* [What you are asked to do] Your task is to extract the lines from the one holding "15 Chestnut Ct, Harleysville, PA 19438-2947" through the end of the material. Set them down exactly and add nothing.

* [Source material]
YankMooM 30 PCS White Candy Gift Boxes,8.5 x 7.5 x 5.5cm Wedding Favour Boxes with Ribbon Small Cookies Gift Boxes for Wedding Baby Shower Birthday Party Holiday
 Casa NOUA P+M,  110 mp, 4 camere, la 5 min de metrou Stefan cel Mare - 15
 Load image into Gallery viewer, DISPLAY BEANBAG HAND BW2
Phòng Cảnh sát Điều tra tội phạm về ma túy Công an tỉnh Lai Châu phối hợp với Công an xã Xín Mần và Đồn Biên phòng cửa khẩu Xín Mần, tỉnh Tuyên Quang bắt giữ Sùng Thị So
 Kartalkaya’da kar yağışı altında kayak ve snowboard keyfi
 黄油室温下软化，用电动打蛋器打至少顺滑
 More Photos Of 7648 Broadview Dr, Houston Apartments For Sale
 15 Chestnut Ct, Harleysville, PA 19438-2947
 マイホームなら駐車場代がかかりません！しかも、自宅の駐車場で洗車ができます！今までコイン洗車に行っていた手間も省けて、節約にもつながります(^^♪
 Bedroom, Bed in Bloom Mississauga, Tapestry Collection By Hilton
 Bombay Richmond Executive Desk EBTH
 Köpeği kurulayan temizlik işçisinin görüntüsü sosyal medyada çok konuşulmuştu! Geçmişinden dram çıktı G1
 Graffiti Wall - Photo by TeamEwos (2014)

* [Solution to this problem]
 15 Chestnut Ct, Harleysville, PA 19438-2947
 マイホームなら駐車場代がかかりません！しかも、自宅の駐車場で洗車ができます！今までコイン洗車に行っていた手間も省けて、節約にもつながります(^^♪
 Bedroom, Bed in Bloom Mississauga, Tapestry Collection By Hilton
 Bombay Richmond Executive Desk EBTH
 Köpeği kurulayan temizlik işçisinin görüntüsü sosyal medyada çok konuşulmuştu! Geçmişinden dram çıktı G1
 Graffiti Wall - Photo by TeamEwos (2014)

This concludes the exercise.